» RECORD EXTRACTS:

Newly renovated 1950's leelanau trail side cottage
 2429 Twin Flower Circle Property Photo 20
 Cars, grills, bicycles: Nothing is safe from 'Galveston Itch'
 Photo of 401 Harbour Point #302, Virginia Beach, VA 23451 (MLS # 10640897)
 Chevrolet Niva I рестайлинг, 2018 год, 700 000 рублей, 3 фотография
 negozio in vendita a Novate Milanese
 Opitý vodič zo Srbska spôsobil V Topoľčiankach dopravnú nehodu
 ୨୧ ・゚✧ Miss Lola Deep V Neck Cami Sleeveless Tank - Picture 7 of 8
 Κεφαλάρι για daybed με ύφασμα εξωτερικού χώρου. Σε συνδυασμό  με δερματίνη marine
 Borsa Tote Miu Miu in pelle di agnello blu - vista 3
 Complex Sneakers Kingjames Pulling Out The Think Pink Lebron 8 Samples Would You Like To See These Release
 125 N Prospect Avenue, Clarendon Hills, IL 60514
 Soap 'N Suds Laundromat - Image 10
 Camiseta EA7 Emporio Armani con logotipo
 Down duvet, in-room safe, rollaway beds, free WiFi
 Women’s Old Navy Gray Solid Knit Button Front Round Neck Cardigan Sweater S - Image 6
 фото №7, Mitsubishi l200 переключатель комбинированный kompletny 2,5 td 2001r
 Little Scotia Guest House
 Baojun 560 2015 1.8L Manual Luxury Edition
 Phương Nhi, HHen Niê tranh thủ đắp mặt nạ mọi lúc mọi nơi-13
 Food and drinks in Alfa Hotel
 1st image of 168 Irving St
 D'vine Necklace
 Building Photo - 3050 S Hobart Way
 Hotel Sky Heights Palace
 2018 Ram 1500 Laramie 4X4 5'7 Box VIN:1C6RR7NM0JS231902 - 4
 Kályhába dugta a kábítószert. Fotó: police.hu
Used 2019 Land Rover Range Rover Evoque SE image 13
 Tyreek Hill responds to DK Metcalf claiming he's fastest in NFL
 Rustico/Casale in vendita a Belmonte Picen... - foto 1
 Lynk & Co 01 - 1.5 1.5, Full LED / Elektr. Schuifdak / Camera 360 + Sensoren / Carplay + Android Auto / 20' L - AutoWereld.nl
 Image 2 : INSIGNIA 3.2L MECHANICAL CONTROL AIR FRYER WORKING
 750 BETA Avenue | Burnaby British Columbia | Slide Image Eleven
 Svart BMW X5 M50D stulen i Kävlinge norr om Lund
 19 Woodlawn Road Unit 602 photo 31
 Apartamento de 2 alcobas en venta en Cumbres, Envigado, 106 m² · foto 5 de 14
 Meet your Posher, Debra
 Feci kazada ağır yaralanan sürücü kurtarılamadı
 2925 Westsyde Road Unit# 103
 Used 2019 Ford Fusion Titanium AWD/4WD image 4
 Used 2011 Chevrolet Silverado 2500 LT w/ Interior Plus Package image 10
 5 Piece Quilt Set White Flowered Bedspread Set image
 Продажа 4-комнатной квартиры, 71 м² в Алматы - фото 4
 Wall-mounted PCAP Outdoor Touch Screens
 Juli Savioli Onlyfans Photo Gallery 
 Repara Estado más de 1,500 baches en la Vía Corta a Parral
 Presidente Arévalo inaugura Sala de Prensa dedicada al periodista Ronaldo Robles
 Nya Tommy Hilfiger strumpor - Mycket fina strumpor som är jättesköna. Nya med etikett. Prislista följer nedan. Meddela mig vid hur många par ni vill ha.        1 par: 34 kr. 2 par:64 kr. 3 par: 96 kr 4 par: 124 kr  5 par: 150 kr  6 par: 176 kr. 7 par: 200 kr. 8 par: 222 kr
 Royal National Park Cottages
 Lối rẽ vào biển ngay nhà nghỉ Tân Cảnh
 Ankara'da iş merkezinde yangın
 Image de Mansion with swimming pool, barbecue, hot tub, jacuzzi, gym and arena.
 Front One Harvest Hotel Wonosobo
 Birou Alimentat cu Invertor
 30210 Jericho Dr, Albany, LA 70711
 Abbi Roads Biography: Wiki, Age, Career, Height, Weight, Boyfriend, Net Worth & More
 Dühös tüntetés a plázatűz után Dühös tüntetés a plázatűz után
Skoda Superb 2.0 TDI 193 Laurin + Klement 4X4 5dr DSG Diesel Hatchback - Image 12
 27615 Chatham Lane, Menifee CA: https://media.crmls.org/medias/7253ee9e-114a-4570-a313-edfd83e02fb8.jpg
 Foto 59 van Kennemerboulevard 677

» WHAT THE TASK REQUIRES: Please give each line above again, word for word.

» RESPONSE TO THE EXERCISE:
Newly renovated 1950's leelanau trail side cottage
 2429 Twin Flower Circle Property Photo 20
 Cars, grills, bicycles: Nothing is safe from 'Galveston Itch'
 Photo of 401 Harbour Point #302, Virginia Beach, VA 23451 (MLS # 10640897)
 Chevrolet Niva I рестайлинг, 2018 год, 700 000 рублей, 3 фотография
 negozio in vendita a Novate Milanese
 Opitý vodič zo Srbska spôsobil V Topoľčiankach dopravnú nehodu
 ୨୧ ・゚✧ Miss Lola Deep V Neck Cami Sleeveless Tank - Picture 7 of 8
 Κεφαλάρι για daybed με ύφασμα εξωτερικού χώρου. Σε συνδυασμό  με δερματίνη marine
 Borsa Tote Miu Miu in pelle di agnello blu - vista 3
 Complex Sneakers Kingjames Pulling Out The Think Pink Lebron 8 Samples Would You Like To See These Release
 125 N Prospect Avenue, Clarendon Hills, IL 60514
 Soap 'N Suds Laundromat - Image 10
 Camiseta EA7 Emporio Armani con logotipo
 Down duvet, in-room safe, rollaway beds, free WiFi
 Women’s Old Navy Gray Solid Knit Button Front Round Neck Cardigan Sweater S - Image 6
 фото №7, Mitsubishi l200 переключатель комбинированный kompletny 2,5 td 2001r
 Little Scotia Guest House
 Baojun 560 2015 1.8L Manual Luxury Edition
 Phương Nhi, HHen Niê tranh thủ đắp mặt nạ mọi lúc mọi nơi-13
 Food and drinks in Alfa Hotel
 1st image of 168 Irving St
 D'vine Necklace
 Building Photo - 3050 S Hobart Way
 Hotel Sky Heights Palace
 2018 Ram 1500 Laramie 4X4 5'7 Box VIN:1C6RR7NM0JS231902 - 4
 Kályhába dugta a kábítószert. Fotó: police.hu
Used 2019 Land Rover Range Rover Evoque SE image 13
 Tyreek Hill responds to DK Metcalf claiming he's fastest in NFL
 Rustico/Casale in vendita a Belmonte Picen... - foto 1
 Lynk & Co 01 - 1.5 1.5, Full LED / Elektr. Schuifdak / Camera 360 + Sensoren / Carplay + Android Auto / 20' L - AutoWereld.nl
 Image 2 : INSIGNIA 3.2L MECHANICAL CONTROL AIR FRYER WORKING
 750 BETA Avenue | Burnaby British Columbia | Slide Image Eleven
 Svart BMW X5 M50D stulen i Kävlinge norr om Lund
 19 Woodlawn Road Unit 602 photo 31
 Apartamento de 2 alcobas en venta en Cumbres, Envigado, 106 m² · foto 5 de 14
 Meet your Posher, Debra
 Feci kazada ağır yaralanan sürücü kurtarılamadı
 2925 Westsyde Road Unit# 103
 Used 2019 Ford Fusion Titanium AWD/4WD image 4
 Used 2011 Chevrolet Silverado 2500 LT w/ Interior Plus Package image 10
 5 Piece Quilt Set White Flowered Bedspread Set image
 Продажа 4-комнатной квартиры, 71 м² в Алматы - фото 4
 Wall-mounted PCAP Outdoor Touch Screens
 Juli Savioli Onlyfans Photo Gallery 
 Repara Estado más de 1,500 baches en la Vía Corta a Parral
 Presidente Arévalo inaugura Sala de Prensa dedicada al periodista Ronaldo Robles
 Nya Tommy Hilfiger strumpor - Mycket fina strumpor som är jättesköna. Nya med etikett. Prislista följer nedan. Meddela mig vid hur många par ni vill ha.        1 par: 34 kr. 2 par:64 kr. 3 par: 96 kr 4 par: 124 kr  5 par: 150 kr  6 par: 176 kr. 7 par: 200 kr. 8 par: 222 kr
 Royal National Park Cottages
 Lối rẽ vào biển ngay nhà nghỉ Tân Cảnh
 Ankara'da iş merkezinde yangın
 Image de Mansion with swimming pool, barbecue, hot tub, jacuzzi, gym and arena.
 Front One Harvest Hotel Wonosobo
 Birou Alimentat cu Invertor
 30210 Jericho Dr, Albany, LA 70711
 Abbi Roads Biography: Wiki, Age, Career, Height, Weight, Boyfriend, Net Worth & More
 Dühös tüntetés a plázatűz után Dühös tüntetés a plázatűz után
Skoda Superb 2.0 TDI 193 Laurin + Klement 4X4 5dr DSG Diesel Hatchback - Image 12
 27615 Chatham Lane, Menifee CA: https://media.crmls.org/medias/7253ee9e-114a-4570-a313-edfd83e02fb8.jpg
 Foto 59 van Kennemerboulevard 677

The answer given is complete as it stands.